[Data excerpts]
------
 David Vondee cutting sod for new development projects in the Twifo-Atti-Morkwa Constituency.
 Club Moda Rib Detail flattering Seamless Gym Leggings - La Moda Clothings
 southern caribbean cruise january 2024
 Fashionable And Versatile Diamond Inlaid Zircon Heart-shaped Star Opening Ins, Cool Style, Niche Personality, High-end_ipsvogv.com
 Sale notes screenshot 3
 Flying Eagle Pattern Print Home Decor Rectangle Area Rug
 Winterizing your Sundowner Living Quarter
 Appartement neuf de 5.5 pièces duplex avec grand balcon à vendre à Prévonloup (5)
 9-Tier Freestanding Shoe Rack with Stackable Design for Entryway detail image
------
Assignment ▸ The response must consist of all the data, reproduced without alteration.

Task answer ▸
 David Vondee cutting sod for new development projects in the Twifo-Atti-Morkwa Constituency.
 Club Moda Rib Detail flattering Seamless Gym Leggings - La Moda Clothings
 southern caribbean cruise january 2024
 Fashionable And Versatile Diamond Inlaid Zircon Heart-shaped Star Opening Ins, Cool Style, Niche Personality, High-end_ipsvogv.com
 Sale notes screenshot 3
 Flying Eagle Pattern Print Home Decor Rectangle Area Rug
 Winterizing your Sundowner Living Quarter
 Appartement neuf de 5.5 pièces duplex avec grand balcon à vendre à Prévonloup (5)
 9-Tier Freestanding Shoe Rack with Stackable Design for Entryway detail image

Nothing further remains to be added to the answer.